If you're serious about buying a home, cleaning up your credit should be the first item on your agenda. After going through your credit report, identifying, paying off and closing most of your credit cards, your next step is to shop for a mortgage. In this article, we'll go over the preliminary steps of getting pre-qualified and/or pre-approved for a mortgage, and then we examine the different types of lenders.
To pre-qualify for a mortgage, you meet with a lender and provide information about your assets, income and liabilities. Based on that information, the lender will roughly estimate how much money you can borrow. The entire process is informal. The lender does not verify the information provided, nor charge you a fee, and he does not formally agree to approve a mortgage for the amount you are pre-qualified to borrow.
The pre-approval process is more formal than the pre-qualification process. With pre-approval, the lender checks your credit, verifies your financial and employment information and confirms your ability to qualify for a mortgage. Pre-approval strengthens your position to make an offer when you find a property that you like - sellers are generally more willing to accept offers from pre-approved buyers, who have already shown that they can actually afford to purchase the house.
3. Choosing a Lender: Mortgage Brokers
Mortgage brokers are responsible for helping more borrowers obtain loans than any other source. They have access to a large number of mortgage providers and shop the marketplace on behalf of their clients. Mortgage brokers can be particularly valuable if you have damaged credit or are in the market for an unusual type of loan. Of course, mortgage brokers don't work for free, and their fees can sometimes be excessive. Be sure to look before you leap. The time you spend comparison shopping could save you hundreds of dollars in commissions and document-processing fees.
4. Choosing A Lender: Banks
Banks are a traditional source of mortgage funding. If your local bank offers a good interest rate and attractive terms, there's no reason not to take the loan. If they don't, there are plenty of other banks in town. The primary drawbacks to working with banks is that each bank generally offers only a limited number of mortgage programs, and banks are not usually flexible when it comes to negotiating fees.
5. Online Loans
Shopping online has become an increasingly popular method of gathering information and obtaining loans.

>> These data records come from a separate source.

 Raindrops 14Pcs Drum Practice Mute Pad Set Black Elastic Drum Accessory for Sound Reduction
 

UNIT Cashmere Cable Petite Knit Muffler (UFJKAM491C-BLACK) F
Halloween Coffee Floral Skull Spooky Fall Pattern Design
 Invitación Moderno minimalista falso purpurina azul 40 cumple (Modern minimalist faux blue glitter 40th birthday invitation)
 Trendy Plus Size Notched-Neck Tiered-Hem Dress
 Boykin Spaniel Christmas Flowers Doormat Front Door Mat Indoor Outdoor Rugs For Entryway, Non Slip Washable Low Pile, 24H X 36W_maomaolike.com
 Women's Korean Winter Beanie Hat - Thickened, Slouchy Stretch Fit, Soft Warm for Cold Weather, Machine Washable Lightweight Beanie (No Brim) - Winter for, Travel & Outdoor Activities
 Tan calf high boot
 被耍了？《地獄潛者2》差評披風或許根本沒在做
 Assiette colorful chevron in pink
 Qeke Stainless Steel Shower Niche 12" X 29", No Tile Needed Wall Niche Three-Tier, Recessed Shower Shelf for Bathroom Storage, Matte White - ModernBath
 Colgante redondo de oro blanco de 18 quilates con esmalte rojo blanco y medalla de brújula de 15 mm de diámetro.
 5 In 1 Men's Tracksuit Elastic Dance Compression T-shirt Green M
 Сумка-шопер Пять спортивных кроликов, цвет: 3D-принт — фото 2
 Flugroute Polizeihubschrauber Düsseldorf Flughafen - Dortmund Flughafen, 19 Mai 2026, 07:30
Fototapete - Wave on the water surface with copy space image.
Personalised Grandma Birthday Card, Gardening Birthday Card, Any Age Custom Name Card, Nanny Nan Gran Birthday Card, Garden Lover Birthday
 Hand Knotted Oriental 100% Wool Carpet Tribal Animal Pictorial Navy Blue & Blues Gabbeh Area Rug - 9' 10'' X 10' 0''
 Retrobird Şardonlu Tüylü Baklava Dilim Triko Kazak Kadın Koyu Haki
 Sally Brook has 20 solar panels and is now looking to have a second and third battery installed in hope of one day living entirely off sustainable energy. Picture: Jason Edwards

It's quick, convenient and enables you to contact multiple vendors simultaneously. You don't have to leave home, and you can shop anytime, day or night. Even if you ultimately get your mortgage from a bricks-and-mortar establishment, the data gathered from online vendors will provide a wealth of information for comparing loans and negotiating terms.
The Choice Is Yours
When shopping for a mortgage, there are a variety of loans, vendors and methods of shopping. The best way for each homebuyer to approach the process is largely a matter of personal preference. Some homebuyers are looking for the lowest-priced program, while others prefer the most convenient. Personal relationships and specific loan requirements also play a role. While there is no right or wrong method, a little advanced planning and careful shopping will be well worth the effort.